## Work to complete
Using the records below, find every line that includes "Design" and copy it.

── Records for this exercise ──

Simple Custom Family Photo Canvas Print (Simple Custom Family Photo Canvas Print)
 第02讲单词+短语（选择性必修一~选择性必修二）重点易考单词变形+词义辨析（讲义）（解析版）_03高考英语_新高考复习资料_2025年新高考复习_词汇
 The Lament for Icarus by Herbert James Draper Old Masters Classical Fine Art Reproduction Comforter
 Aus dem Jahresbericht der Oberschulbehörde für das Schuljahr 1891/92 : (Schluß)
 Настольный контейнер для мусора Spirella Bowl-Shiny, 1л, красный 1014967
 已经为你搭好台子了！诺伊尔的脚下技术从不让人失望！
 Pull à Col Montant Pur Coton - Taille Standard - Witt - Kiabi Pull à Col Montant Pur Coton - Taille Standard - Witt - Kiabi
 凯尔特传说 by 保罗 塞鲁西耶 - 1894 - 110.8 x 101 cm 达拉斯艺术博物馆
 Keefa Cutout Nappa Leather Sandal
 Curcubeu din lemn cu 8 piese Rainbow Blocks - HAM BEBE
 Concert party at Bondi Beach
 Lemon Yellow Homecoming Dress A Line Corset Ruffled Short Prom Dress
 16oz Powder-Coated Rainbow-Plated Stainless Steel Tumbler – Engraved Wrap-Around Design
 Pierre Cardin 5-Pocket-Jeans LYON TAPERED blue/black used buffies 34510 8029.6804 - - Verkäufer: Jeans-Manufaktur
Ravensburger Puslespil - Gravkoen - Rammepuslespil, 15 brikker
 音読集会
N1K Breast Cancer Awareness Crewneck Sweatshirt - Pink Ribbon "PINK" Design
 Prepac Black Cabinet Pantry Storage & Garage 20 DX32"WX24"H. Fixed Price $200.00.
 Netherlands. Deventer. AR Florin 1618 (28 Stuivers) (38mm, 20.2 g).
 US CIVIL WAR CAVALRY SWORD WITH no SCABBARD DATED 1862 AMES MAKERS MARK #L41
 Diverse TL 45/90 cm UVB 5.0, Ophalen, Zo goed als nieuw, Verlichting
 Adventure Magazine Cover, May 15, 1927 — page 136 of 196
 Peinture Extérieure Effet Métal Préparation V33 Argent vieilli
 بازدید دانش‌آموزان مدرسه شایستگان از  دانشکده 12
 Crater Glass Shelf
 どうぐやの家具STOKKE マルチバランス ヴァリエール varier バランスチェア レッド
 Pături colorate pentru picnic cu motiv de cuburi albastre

───

## Result of the exercise
 16oz Powder-Coated Rainbow-Plated Stainless Steel Tumbler – Engraved Wrap-Around Design
N1K Breast Cancer Awareness Crewneck Sweatshirt - Pink Ribbon "PINK" Design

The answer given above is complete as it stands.